Christopher Fink, CMC
Christopher Fink, CMC
18 years ago

Nothing good will happen unless retailers & manufacturers work together to improve service level behind locally-tailored products. My area Wal-Marts are routinely out of stock on local fast-sellers since corporate instituted the ‘auto-replenishment’ order system. Wal-Mart’s system appears to limit store personnel from ordering to accommodate anticipated demand (or punish their overstocks); instead stores order extra to fill-in out of stocks because the computer didn’t foresee local demand shifts. Get service levels fixed and the concept of tailoring is a sure winner.

Dr. Stephen Needel
Dr. Stephen Needel
18 years ago

The bigger issue is not ethnicity – we’re back to the early ’90s and target marketing or micro-marketing for a retailer. This was the recognition that a particular store’s franchise wants a certain mix of products. The franchise may be income-based, ethnic identification-based, gender-based, religion-based (e.g., living in a Chasidic area) and so forth. Assuming logistics can be worked out so that economy-of-scale losses are minimal, it will always be to the retailers’ benefit to do so.

Dan Raftery
Dan Raftery
18 years ago

George, Wal-Mart already has the income thing figured out. What we are now seeing is the world’s greatest mass retailer applying at least the foundations of targeted marketing. It’s taken a while, but this turn was probably forecast ages ago by some of the more prolific monks in our industry.

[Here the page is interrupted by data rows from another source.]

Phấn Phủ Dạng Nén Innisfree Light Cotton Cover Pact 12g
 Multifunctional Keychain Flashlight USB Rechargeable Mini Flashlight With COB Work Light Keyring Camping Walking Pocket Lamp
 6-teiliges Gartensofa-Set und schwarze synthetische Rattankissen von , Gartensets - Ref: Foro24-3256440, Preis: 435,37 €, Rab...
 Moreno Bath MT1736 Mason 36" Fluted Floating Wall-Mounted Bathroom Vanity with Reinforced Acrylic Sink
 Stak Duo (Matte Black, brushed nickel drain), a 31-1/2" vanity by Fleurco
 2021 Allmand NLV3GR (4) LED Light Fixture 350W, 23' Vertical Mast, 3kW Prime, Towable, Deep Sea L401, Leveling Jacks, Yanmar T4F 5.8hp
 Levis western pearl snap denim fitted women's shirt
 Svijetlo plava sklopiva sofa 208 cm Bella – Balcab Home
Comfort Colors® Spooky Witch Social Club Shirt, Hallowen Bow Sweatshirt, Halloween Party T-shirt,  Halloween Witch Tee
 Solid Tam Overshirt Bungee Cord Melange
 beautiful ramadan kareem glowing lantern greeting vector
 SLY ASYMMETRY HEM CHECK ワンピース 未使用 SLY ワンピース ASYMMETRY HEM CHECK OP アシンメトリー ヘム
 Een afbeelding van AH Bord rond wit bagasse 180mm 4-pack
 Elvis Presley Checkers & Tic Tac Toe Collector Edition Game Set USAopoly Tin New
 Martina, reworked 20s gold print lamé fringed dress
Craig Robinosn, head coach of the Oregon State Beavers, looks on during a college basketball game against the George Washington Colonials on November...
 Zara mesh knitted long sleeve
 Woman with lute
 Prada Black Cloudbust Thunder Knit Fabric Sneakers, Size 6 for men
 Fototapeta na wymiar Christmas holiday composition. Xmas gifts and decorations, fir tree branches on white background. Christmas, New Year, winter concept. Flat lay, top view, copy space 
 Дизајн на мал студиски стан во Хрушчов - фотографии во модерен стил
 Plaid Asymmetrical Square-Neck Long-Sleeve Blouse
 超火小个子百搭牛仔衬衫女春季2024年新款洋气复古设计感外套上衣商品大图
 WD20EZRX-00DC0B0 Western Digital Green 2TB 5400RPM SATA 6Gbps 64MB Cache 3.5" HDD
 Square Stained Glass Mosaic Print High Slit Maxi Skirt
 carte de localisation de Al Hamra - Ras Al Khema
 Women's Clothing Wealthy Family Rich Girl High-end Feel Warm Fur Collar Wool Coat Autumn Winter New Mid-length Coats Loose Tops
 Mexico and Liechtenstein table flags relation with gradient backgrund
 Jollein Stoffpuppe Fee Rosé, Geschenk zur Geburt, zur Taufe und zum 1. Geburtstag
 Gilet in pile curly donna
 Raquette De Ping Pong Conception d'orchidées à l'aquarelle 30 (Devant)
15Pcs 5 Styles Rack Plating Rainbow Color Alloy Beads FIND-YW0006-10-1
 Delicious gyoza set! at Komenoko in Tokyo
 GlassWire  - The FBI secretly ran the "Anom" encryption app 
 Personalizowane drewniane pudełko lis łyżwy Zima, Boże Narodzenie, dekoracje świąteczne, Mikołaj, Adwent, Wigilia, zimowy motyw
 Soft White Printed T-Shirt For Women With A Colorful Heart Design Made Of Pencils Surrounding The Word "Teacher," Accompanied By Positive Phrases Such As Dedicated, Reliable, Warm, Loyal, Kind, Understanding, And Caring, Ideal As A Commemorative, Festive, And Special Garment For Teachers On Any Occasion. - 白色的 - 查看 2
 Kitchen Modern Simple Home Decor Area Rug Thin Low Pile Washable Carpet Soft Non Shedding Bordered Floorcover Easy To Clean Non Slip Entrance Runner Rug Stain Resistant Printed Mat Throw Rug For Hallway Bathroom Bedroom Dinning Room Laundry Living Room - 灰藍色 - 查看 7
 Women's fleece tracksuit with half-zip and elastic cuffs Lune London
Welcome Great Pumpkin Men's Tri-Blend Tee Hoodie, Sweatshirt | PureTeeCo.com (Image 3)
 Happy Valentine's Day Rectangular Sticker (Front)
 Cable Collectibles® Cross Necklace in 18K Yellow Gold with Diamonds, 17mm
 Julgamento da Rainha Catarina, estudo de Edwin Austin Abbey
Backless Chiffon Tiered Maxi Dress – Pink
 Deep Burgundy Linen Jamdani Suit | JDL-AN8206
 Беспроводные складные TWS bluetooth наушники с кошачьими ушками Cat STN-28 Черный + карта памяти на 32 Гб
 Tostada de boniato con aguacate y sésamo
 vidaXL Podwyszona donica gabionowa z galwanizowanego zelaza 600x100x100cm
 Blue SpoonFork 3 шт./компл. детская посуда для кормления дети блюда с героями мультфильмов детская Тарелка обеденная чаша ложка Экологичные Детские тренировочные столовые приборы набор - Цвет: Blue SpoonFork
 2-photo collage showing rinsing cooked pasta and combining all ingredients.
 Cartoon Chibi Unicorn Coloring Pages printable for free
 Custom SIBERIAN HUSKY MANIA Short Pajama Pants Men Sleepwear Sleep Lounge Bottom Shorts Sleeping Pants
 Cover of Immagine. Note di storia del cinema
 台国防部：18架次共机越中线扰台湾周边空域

My guess is that the result will be 4 or 5 ethnic variations on the main theme, which is still a mass market approach, just narrowed a bit. This will be more complicated to pull off than it sounds.

Gwen Kelly
Gwen Kelly
18 years ago

I’m getting in on this late and all of the previous comments have made great points. Dan’s comments pretty much mirror my own thoughts on this topic with one exception. Clearly demographic adaptations can be accomplished and optimized. At the end of the day, at the essence of solving the puzzle is acknowledging the core customer base (largely but dictated by geography and ethnicity combined) and providing the in-store experience that will give customers that which they want and need? The retailer who masters that reality will be the winner. Wal-Mart’s strategy around its “store of the community” initiative seems to be demonstrating that reality is top-of-mind.

Mark Burr
Mark Burr
18 years ago

If I understood some of the comments right, would it mean that the answer is ‘consumer marketing’ rather than ‘ethnic marketing’?

MARK DECKARD
MARK DECKARD
18 years ago

In the early 90’s when Wal-Mart was rapidly expanding into new markets across the US, a regional buying program was implemented to regionalize and localize the assortments based on what demographic and seasonal timing knowledge could be gathered from a variety of sources, including comp shopping of local stores. Although somewhat rudimentary, it was hugely successful, but far from perfection.

15 years of history and technological advances later, this deeper application of available data is simply a new level of precision tuning, aided by an army of vendors analyzing data to optimize sales on their own products via Retail Link. Remember CPFR – Collaborative Planning Forecasting and Replenishment? Wal-Mart invented it years before the catchy acronym became the rage in the late 90’s.

The company has always sought and responded to the requests of customers and merchandising advice from the “boots on the ground” which is Mr. Sam’s legacy and the root of the company’s long term success. I’m confident that it will continue to do so with unrelenting persistence that is the signature Wal-Mart style.

Mark Lilien
Mark Lilien
18 years ago

There are at least 2 different ways to customize a local store’s assortment: (1) assume you know what the local demographics will want versus (2) statistical analysis of the store’s selling history, paying only minor attention to the local demographics. In other words, if the store sells what you perceive to be “urban fashion forward” clothing, don’t worry about whether the store is in an urban area or not. The sell-through sends the message that customers prefer it. Too often, custom tailoring the assortment is done via “conventional wisdom” instead of actual buying behavior.